DATA FOR ANALYSIS.
*** Block opens ***
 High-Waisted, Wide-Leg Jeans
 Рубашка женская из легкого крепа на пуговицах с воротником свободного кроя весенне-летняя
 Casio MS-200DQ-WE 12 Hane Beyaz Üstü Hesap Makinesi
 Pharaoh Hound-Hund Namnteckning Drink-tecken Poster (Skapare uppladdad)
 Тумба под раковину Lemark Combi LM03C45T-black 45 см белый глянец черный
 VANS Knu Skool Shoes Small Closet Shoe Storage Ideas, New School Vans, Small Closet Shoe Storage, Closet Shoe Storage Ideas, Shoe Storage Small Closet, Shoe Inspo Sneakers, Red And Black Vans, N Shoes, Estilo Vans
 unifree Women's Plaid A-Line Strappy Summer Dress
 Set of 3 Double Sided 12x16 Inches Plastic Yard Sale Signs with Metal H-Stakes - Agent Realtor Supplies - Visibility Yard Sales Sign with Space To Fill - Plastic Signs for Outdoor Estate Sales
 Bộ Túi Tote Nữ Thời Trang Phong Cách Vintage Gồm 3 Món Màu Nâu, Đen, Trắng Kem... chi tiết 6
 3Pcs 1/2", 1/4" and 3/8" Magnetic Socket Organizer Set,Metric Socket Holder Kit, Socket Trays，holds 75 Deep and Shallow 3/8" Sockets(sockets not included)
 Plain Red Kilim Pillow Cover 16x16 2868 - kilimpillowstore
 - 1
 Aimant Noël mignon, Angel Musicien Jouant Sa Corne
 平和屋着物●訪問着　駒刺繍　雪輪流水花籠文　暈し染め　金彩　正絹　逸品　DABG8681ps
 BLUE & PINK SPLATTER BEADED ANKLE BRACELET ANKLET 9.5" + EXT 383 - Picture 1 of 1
*** Block closes ***
TASK TO COMPLETE.
Exactly as written, please reproduce the lines from the first line of the data to the line containing "Sockets(sockets not included)", inclusive, and nothing else.

OUTPUT BELOW.
 High-Waisted, Wide-Leg Jeans
 Рубашка женская из легкого крепа на пуговицах с воротником свободного кроя весенне-летняя
 Casio MS-200DQ-WE 12 Hane Beyaz Üstü Hesap Makinesi
 Pharaoh Hound-Hund Namnteckning Drink-tecken Poster (Skapare uppladdad)
 Тумба под раковину Lemark Combi LM03C45T-black 45 см белый глянец черный
 VANS Knu Skool Shoes Small Closet Shoe Storage Ideas, New School Vans, Small Closet Shoe Storage, Closet Shoe Storage Ideas, Shoe Storage Small Closet, Shoe Inspo Sneakers, Red And Black Vans, N Shoes, Estilo Vans
 unifree Women's Plaid A-Line Strappy Summer Dress
 Set of 3 Double Sided 12x16 Inches Plastic Yard Sale Signs with Metal H-Stakes - Agent Realtor Supplies - Visibility Yard Sales Sign with Space To Fill - Plastic Signs for Outdoor Estate Sales
 Bộ Túi Tote Nữ Thời Trang Phong Cách Vintage Gồm 3 Món Màu Nâu, Đen, Trắng Kem... chi tiết 6
 3Pcs 1/2", 1/4" and 3/8" Magnetic Socket Organizer Set,Metric Socket Holder Kit, Socket Trays，holds 75 Deep and Shallow 3/8" Sockets(sockets not included)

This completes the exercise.